# Load the dataset
# Inspect and summarize the data.
head(pressure)
## temperature pressure
## 1 0 0.0002
## 2 20 0.0012
## 3 40 0.0060
## 4 60 0.0300
## 5 80 0.0900
## 6 100 0.2700
Next, to decide if a polynomial model is appropriate for our dataset, we use a scatter plot and visualize the relationship between dependent and independent variables.
# plotting the graph
library(ggplot2)
ggplot() +
geom_point(aes(x = pressure$temperature, y = pressure$pressure),
colour = 'blue')
From the above plot, we can observe that there is a nonlinear relationship between the dependent and independent variables. Therefore we can use the polynomial regression model. ## Splitting The Data
split = sample.split(pressure$pressure, SplitRatio = 2/3)
training = subset(pressure, split == TRUE)
testing = subset(pressure, split == FALSE)

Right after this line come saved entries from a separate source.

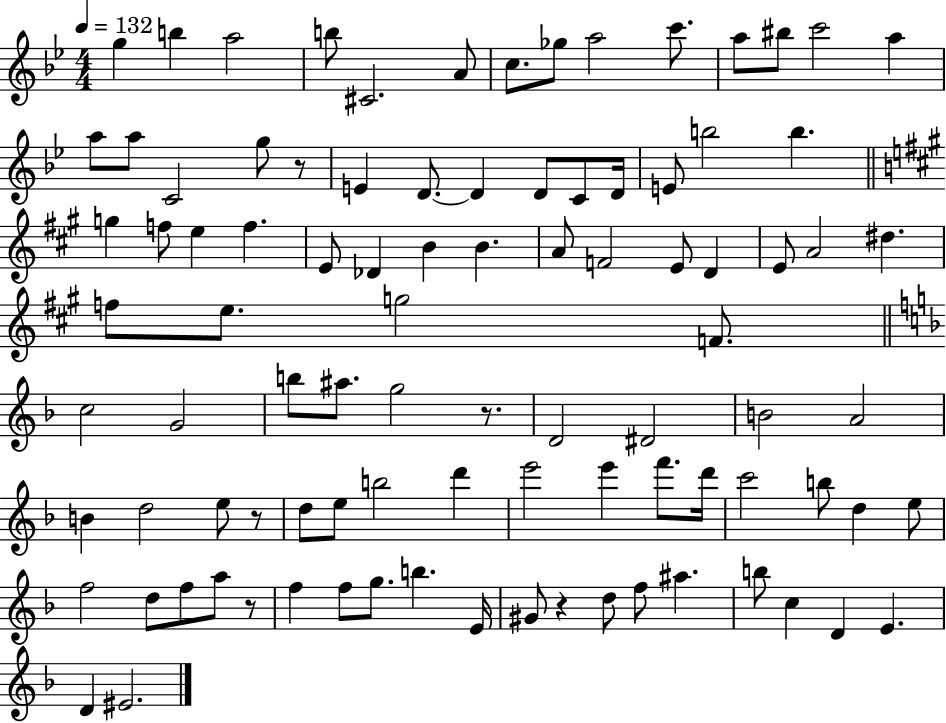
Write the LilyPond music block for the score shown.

{
  \clef treble
  \numericTimeSignature
  \time 4/4
  \key bes \major
  \tempo 4 = 132
  g''4 b''4 a''2 | b''8 cis'2. a'8 | c''8. ges''8 a''2 c'''8. | a''8 bis''8 c'''2 a''4 | \break a''8 a''8 c'2 g''8 r8 | e'4 d'8.~~ d'4 d'8 c'8 d'16 | e'8 b''2 b''4. | \bar "||" \break \key a \major g''4 f''8 e''4 f''4. | e'8 des'4 b'4 b'4. | a'8 f'2 e'8 d'4 | e'8 a'2 dis''4. | \break f''8 e''8. g''2 f'8. | \bar "||" \break \key f \major c''2 g'2 | b''8 ais''8. g''2 r8. | d'2 dis'2 | b'2 a'2 | \break b'4 d''2 e''8 r8 | d''8 e''8 b''2 d'''4 | e'''2 e'''4 f'''8. d'''16 | c'''2 b''8 d''4 e''8 | \break f''2 d''8 f''8 a''8 r8 | f''4 f''8 g''8. b''4. e'16 | gis'8 r4 d''8 f''8 ais''4. | b''8 c''4 d'4 e'4. | \break d'4 eis'2. | \bar "|."
} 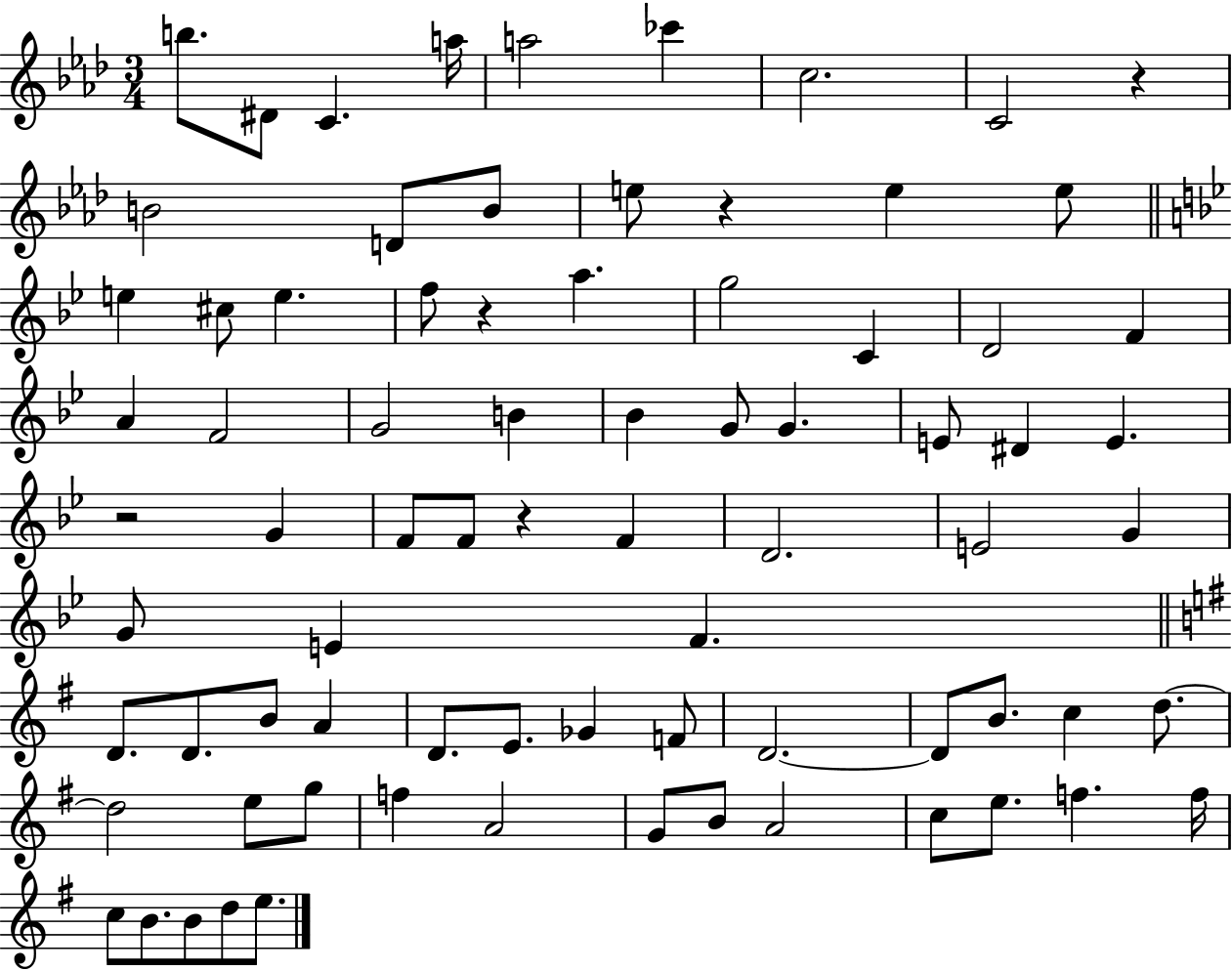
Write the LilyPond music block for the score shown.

{
  \clef treble
  \numericTimeSignature
  \time 3/4
  \key aes \major
  b''8. dis'8 c'4. a''16 | a''2 ces'''4 | c''2. | c'2 r4 | \break b'2 d'8 b'8 | e''8 r4 e''4 e''8 | \bar "||" \break \key bes \major e''4 cis''8 e''4. | f''8 r4 a''4. | g''2 c'4 | d'2 f'4 | \break a'4 f'2 | g'2 b'4 | bes'4 g'8 g'4. | e'8 dis'4 e'4. | \break r2 g'4 | f'8 f'8 r4 f'4 | d'2. | e'2 g'4 | \break g'8 e'4 f'4. | \bar "||" \break \key g \major d'8. d'8. b'8 a'4 | d'8. e'8. ges'4 f'8 | d'2.~~ | d'8 b'8. c''4 d''8.~~ | \break d''2 e''8 g''8 | f''4 a'2 | g'8 b'8 a'2 | c''8 e''8. f''4. f''16 | \break c''8 b'8. b'8 d''8 e''8. | \bar "|."
} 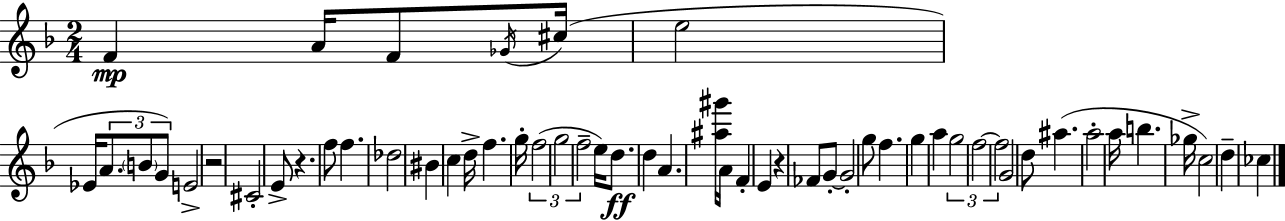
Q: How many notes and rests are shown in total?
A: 55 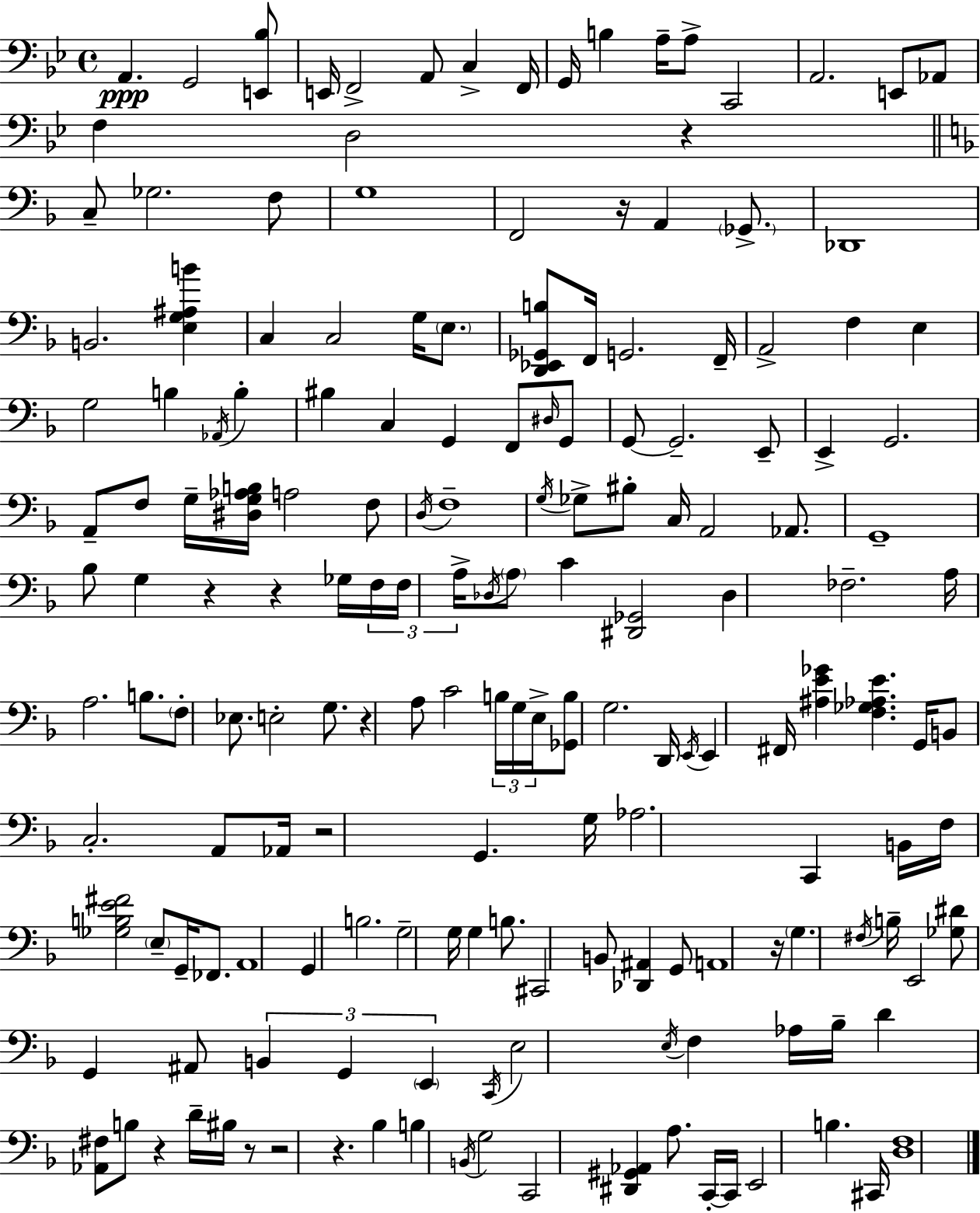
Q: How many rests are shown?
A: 11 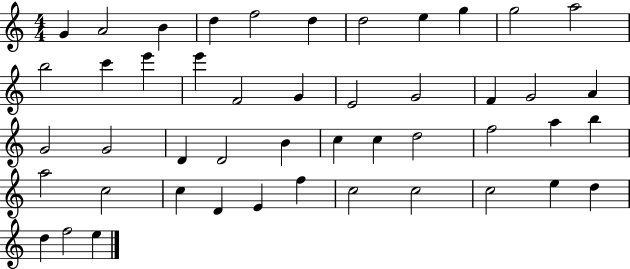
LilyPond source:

{
  \clef treble
  \numericTimeSignature
  \time 4/4
  \key c \major
  g'4 a'2 b'4 | d''4 f''2 d''4 | d''2 e''4 g''4 | g''2 a''2 | \break b''2 c'''4 e'''4 | e'''4 f'2 g'4 | e'2 g'2 | f'4 g'2 a'4 | \break g'2 g'2 | d'4 d'2 b'4 | c''4 c''4 d''2 | f''2 a''4 b''4 | \break a''2 c''2 | c''4 d'4 e'4 f''4 | c''2 c''2 | c''2 e''4 d''4 | \break d''4 f''2 e''4 | \bar "|."
} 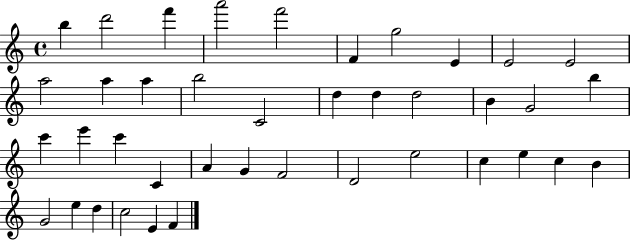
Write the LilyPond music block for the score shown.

{
  \clef treble
  \time 4/4
  \defaultTimeSignature
  \key c \major
  b''4 d'''2 f'''4 | a'''2 f'''2 | f'4 g''2 e'4 | e'2 e'2 | \break a''2 a''4 a''4 | b''2 c'2 | d''4 d''4 d''2 | b'4 g'2 b''4 | \break c'''4 e'''4 c'''4 c'4 | a'4 g'4 f'2 | d'2 e''2 | c''4 e''4 c''4 b'4 | \break g'2 e''4 d''4 | c''2 e'4 f'4 | \bar "|."
} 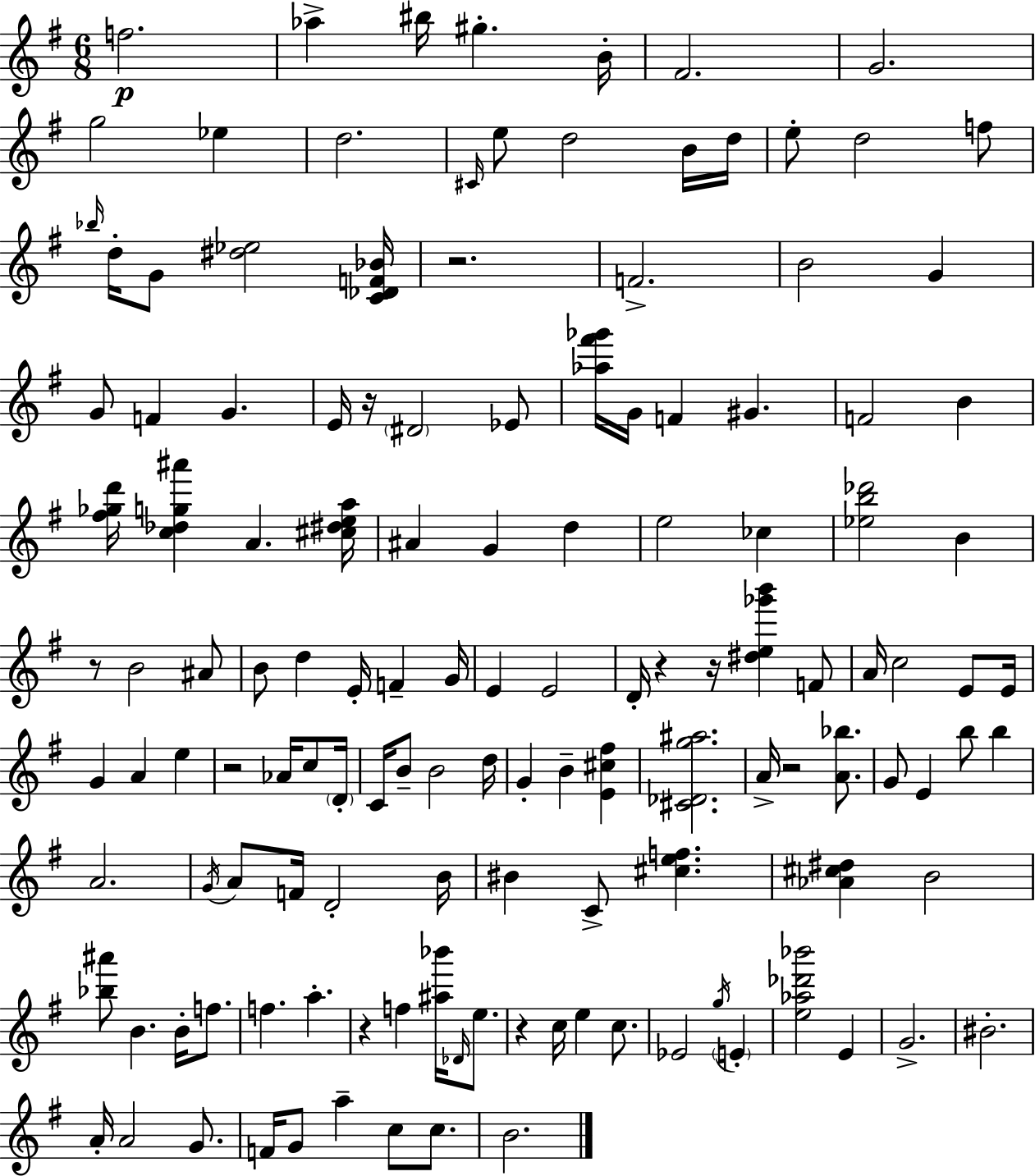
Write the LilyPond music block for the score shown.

{
  \clef treble
  \numericTimeSignature
  \time 6/8
  \key g \major
  \repeat volta 2 { f''2.\p | aes''4-> bis''16 gis''4.-. b'16-. | fis'2. | g'2. | \break g''2 ees''4 | d''2. | \grace { cis'16 } e''8 d''2 b'16 | d''16 e''8-. d''2 f''8 | \break \grace { bes''16 } d''16-. g'8 <dis'' ees''>2 | <c' des' f' bes'>16 r2. | f'2.-> | b'2 g'4 | \break g'8 f'4 g'4. | e'16 r16 \parenthesize dis'2 | ees'8 <aes'' fis''' ges'''>16 g'16 f'4 gis'4. | f'2 b'4 | \break <fis'' ges'' d'''>16 <c'' des'' g'' ais'''>4 a'4. | <cis'' dis'' e'' a''>16 ais'4 g'4 d''4 | e''2 ces''4 | <ees'' b'' des'''>2 b'4 | \break r8 b'2 | ais'8 b'8 d''4 e'16-. f'4-- | g'16 e'4 e'2 | d'16-. r4 r16 <dis'' e'' ges''' b'''>4 | \break f'8 a'16 c''2 e'8 | e'16 g'4 a'4 e''4 | r2 aes'16 c''8 | \parenthesize d'16-. c'16 b'8-- b'2 | \break d''16 g'4-. b'4-- <e' cis'' fis''>4 | <cis' des' g'' ais''>2. | a'16-> r2 <a' bes''>8. | g'8 e'4 b''8 b''4 | \break a'2. | \acciaccatura { g'16 } a'8 f'16 d'2-. | b'16 bis'4 c'8-> <cis'' e'' f''>4. | <aes' cis'' dis''>4 b'2 | \break <bes'' ais'''>8 b'4. b'16-. | f''8. f''4. a''4.-. | r4 f''4 <ais'' bes'''>16 | \grace { des'16 } e''8. r4 c''16 e''4 | \break c''8. ees'2 | \acciaccatura { g''16 } \parenthesize e'4-. <e'' aes'' des''' bes'''>2 | e'4 g'2.-> | bis'2.-. | \break a'16-. a'2 | g'8. f'16 g'8 a''4-- | c''8 c''8. b'2. | } \bar "|."
} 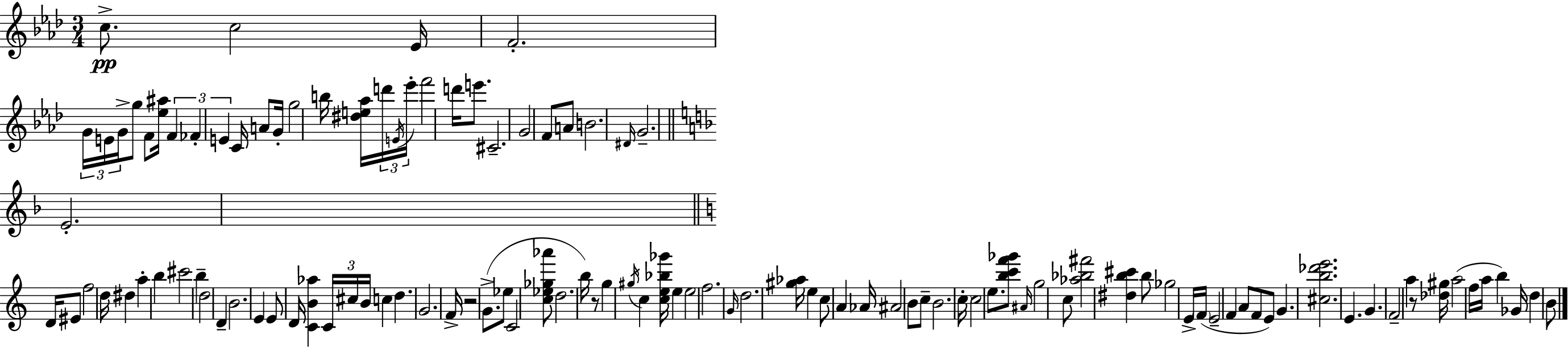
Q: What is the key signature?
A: AES major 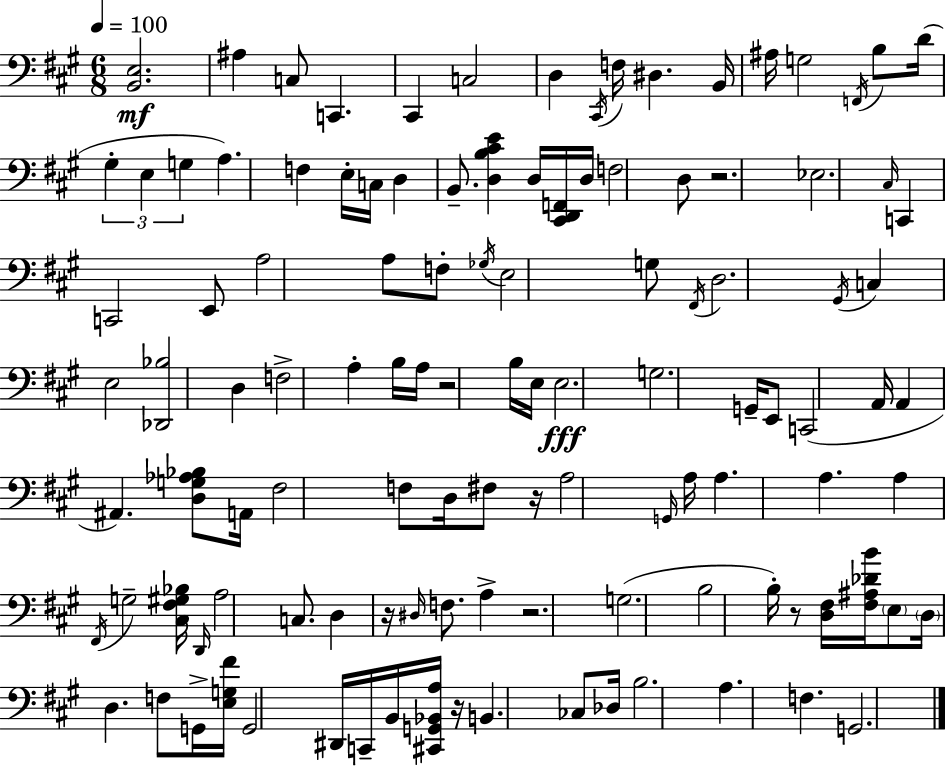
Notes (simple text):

[B2,E3]/h. A#3/q C3/e C2/q. C#2/q C3/h D3/q C#2/s F3/s D#3/q. B2/s A#3/s G3/h F2/s B3/e D4/s G#3/q E3/q G3/q A3/q. F3/q E3/s C3/s D3/q B2/e. [D3,B3,C#4,E4]/q D3/s [C#2,D2,F2]/s D3/s F3/h D3/e R/h. Eb3/h. C#3/s C2/q C2/h E2/e A3/h A3/e F3/e Gb3/s E3/h G3/e F#2/s D3/h. G#2/s C3/q E3/h [Db2,Bb3]/h D3/q F3/h A3/q B3/s A3/s R/h B3/s E3/s E3/h. G3/h. G2/s E2/e C2/h A2/s A2/q A#2/q. [D3,G3,Ab3,Bb3]/e A2/s F#3/h F3/e D3/s F#3/e R/s A3/h G2/s A3/s A3/q. A3/q. A3/q F#2/s G3/h [C#3,F#3,G#3,Bb3]/s D2/s A3/h C3/e. D3/q R/s D#3/s F3/e. A3/q R/h. G3/h. B3/h B3/s R/e [D3,F#3]/s [F#3,A#3,Db4,B4]/s E3/e D3/s D3/q. F3/e G2/s [E3,G3,F#4]/s G2/h D#2/s C2/s B2/s [C#2,G2,Bb2,A3]/s R/s B2/q. CES3/e Db3/s B3/h. A3/q. F3/q. G2/h. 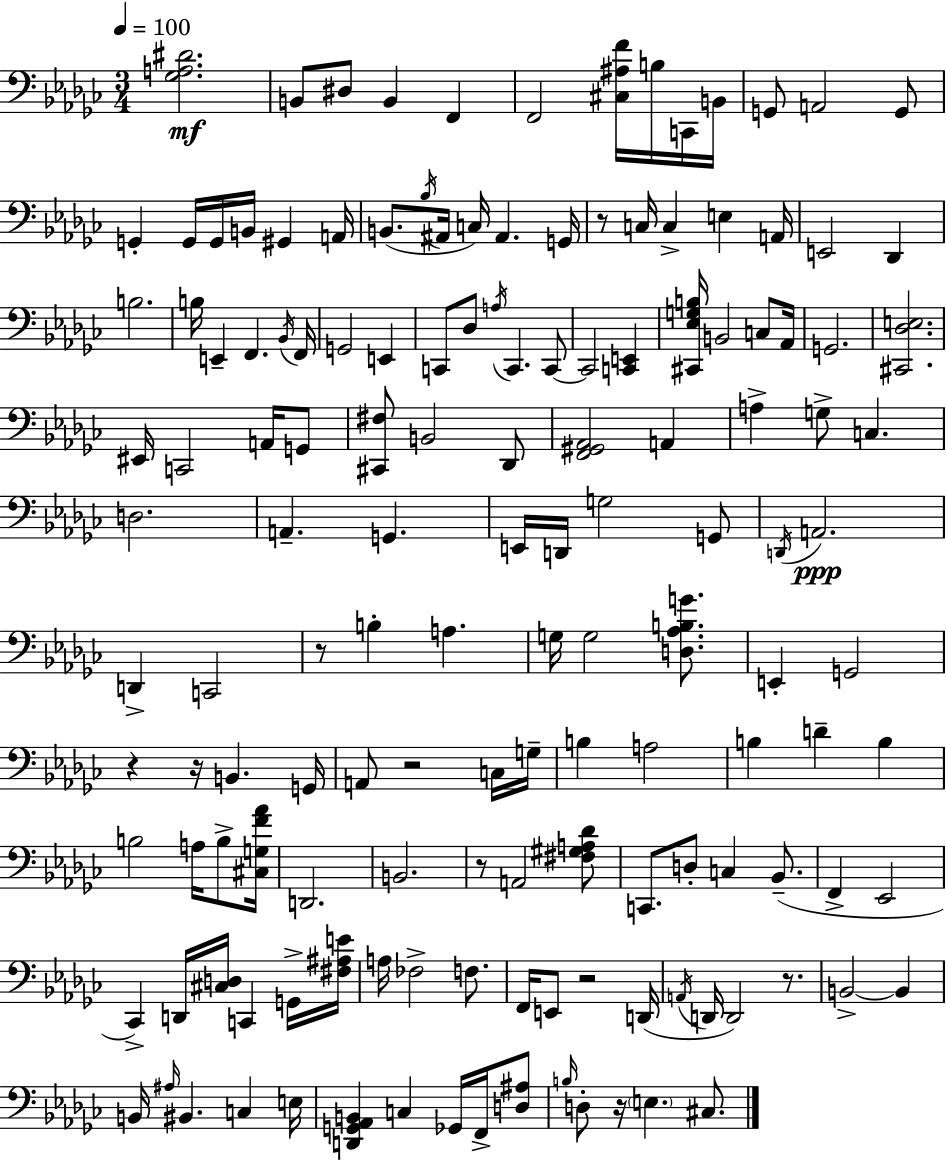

pressure$temperature2= pressure$temperature ^ 2
pressure$temperature3= pressure$temperature ^ 3
pressure$temperature4 = pressure$temperature ^ 4
poly_pressure1 = pressure
polynomial_reg = lm(formula = pressure~ .,data = poly_pressure1)
summary(polynomial_reg)
##
## Call:
## lm(formula = pressure ~ ., data = poly_pressure1)
##
## Residuals:
## Min 1Q Median 3Q Max
## -7.1989 -4.2112 0.2224 4.0172 7.0729
##
## Coefficients:
## Estimate Std. Error t value Pr(>|t|)
## (Intercept) 6.453e+00 4.645e+00 1.389 0.186418
## temperature -7.992e-01 1.893e-01 -4.223 0.000852 ***
## temperature2 1.588e-02 2.226e-03 7.135 5.06e-06 ***
## temperature3 -1.052e-04 9.415e-06 -11.179 2.31e-08 ***
## temperature4 2.341e-07 1.297e-08 18.056 4.28e-11 ***
## ---
## Signif. codes: 0 '***' 0.001 '**' 0.01 '*' 0.05 '.' 0.1 ' ' 1
##
## Residual standard error: 5.38 on 14 degrees of freedom
## Multiple R-squared: 0.9996, Adjusted R-squared: 0.9994
## F-statistic: 7841 on 4 and 14 DF, p-value: < 2.2e-16
library(ggplot2)
ggplot() +
geom_point(aes(x = poly_pressure1$temperature, y = poly_pressure1$pressure), color = 'red') +
geom_line(aes(x=poly_pressure1$temperature,y=predict(polynomial_reg,newdata=poly_pressure1)),color='blue') +
ggtitle('Polynomial Regression Model') +
xlab('Temperature') + ylab('Pressure')
### Predicting on test data
predict_lvl1 = data.frame(temperature = 250,
temperature2 = 250^2,
temperature3 = 250^3,
temperature4 = 250^4)
pred_pressure <- predict(polynomial_reg, predict_lvl1) # Predict pressure for 250 temperature
pred_pressure # Predicted pressure value
## 1
## 69.32188
new_pressure_row <- data.frame(
temperature = 250,
temperature2 = 250^2,
temperature3 = 250^3,
temperature4 = 250^4,
pressure = pred_pressure, stringsAsFactors = FALSE)
plot_pressure <- rbind(poly_pressure1, new_pressure_row) # bind predicted value with original dataset
# Plotting predicted and actual datapoints together for polynomial model
ggplot() +
geom_point(aes(x = plot_pressure$temperature, y = plot_pressure$pressure), color = 'red') +
geom_point(aes(x = 250, y = pred_pressure), color= "green", size=3) +
geom_line(aes(x=poly_pressure1$temperature,y=predict(polynomial_reg,newdata=poly_pressure1)),color='blue') +
ggtitle('Polynomial Regression Model Prediction') +
xlab('Temperature') + ylab('Pressure')
## Conclusion Predicted value is now on the regression fit line and prediction seems to be perfect
The polynomial regression can work on a dataset of any size. The polynomial regression might work very well on the non-linear problems. ### Disadvantages: One of the main disadvantages of using polynomial regression is that we need to choose the right polynomial degree for good bias or variance trade-off.